Cascaded (3 + 1)D complex-valued convolutions, i.e. spatial and temporal convolutions with real and imaginary kernels and feature maps, kept trainable parameters reasonable, enabling faster and stable convergence (see Supplementary Fig. 5) while still capturing the spatio-temporal relationship46. A comparable implementation using full 4D complex-valued convolutional kernels, i.e. looping over combinations of 3D complex-valued convolutions, would provide a natural utilization of spatio-temporal redundancies, but would also result in ~ 80 million trainable parameters for the network even with kernel sharing amongst cardiac phases. Moreover, complex-valued convolutions enabled a natural complex data processing instead of independently handling real and imaginary parts in separate channels.

The underlying assumption of spatio-temporal sharing in 3D cardiac CINE is that it contains a rich amount of redundancy in a local neighborhood along all temporal directions (cardiac phases) which can be exploited. We assume that similar structures exist in different cardiac phases, but at different spatial locations around a certain neighborhood of a given voxel. Therefore, spatial receptive field can be limited whereas temporal coverage should span the entire cardiac cycle. Encoding and decoding branches in the 4D UNet of CINENet increase receptive fields while allowing for relatively small convolutional kernels. We achieved a receptive field coverage of 33% in spatial and 100% in temporal direction, reflecting a spatially confined but full temporal information sharing from all cardiac phases.

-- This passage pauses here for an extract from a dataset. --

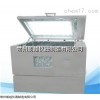 ZH-DA光照恒温培养摇床厂家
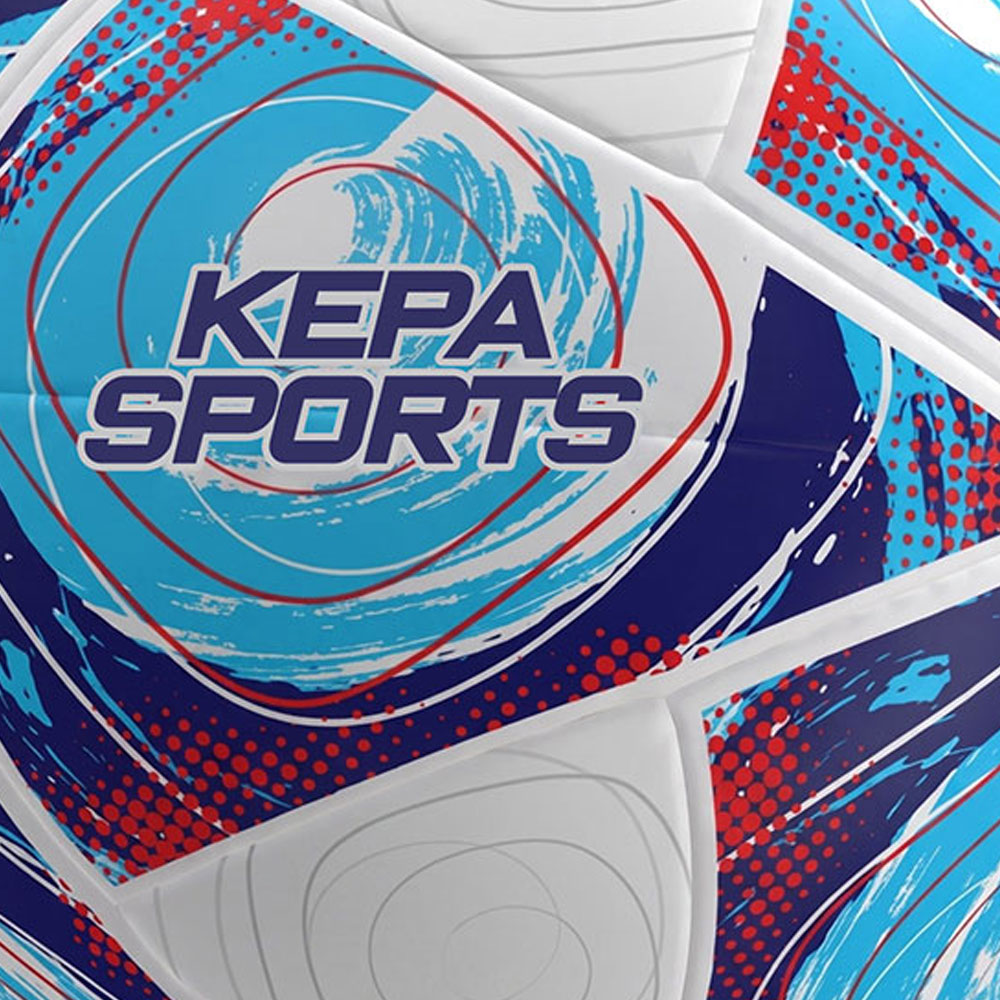 Thermo Footballs - Image 4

We used separable rectified linear (ReLU) activation functions on real and imaginary dimensions after each convolutional kernel yielding good performance and stable convergence. Further activation functions such as cardioid47, are conceivable but demand a careful reparameterization of the network. Batch normalization was used as it provided improved edge delineation and less blurring in the reconstructed images in comparison to instance normalization or omitting normalization layers. However, further comparisons in a larger cohort would be required to conclude the best performing combination of activation and normalization. We used SENSE-based multi-coil data consistency blocks between UNet stages to ensure data fidelity. We formulated the data consistency as proximal mapping step with a fixed regularization weighting which we can treat as a layer operation with forward and backward (gradient backpropagation) pass.

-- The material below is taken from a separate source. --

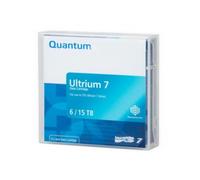 Origin Storage MR-L7MQN-01 backup storage media Blank data tape 6 TB LTO 1.27 cm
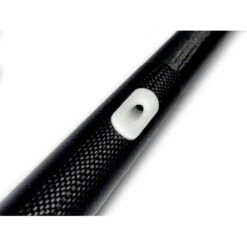 BROWNING Pulla Bush Oval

The undersampled 3D CINE data requires a joint 4D processing of the data. Previously proposed architectures for 2D dynamic imaging operate on 2D + time and are hence not applicable due to the 4D nature of the data. Furthermore, 2D CINE data cannot be leveraged as resolution, contrast, undersampled phase-encoding directions and sampling trajectories are different. Hence, visual artifact appearance will differ. If slicing of the short axis 3D images along the fully sampled frequency direction (vertical long axis) is conducted, the data would lose the 3D spatial relationship and the ability to resolve vertical long axis motion, i.e. only a few of the resulting 2D horizontal long axis slices would contain the heart and reconstruction of the dynamic through-plane (vertical long axis) motion would be impaired. Cropping of the 4D volume into smaller chunks would hence (a) loose dynamic information if cropped along temporal dimension or (b) demand consideration of band-pass filtering in data consistency48 implying a more complicated data fidelity block if cropped along spatial dimension. The fairest reconstruction comparison is obtained with an iterative and GPU-accelerated CS reconstruction.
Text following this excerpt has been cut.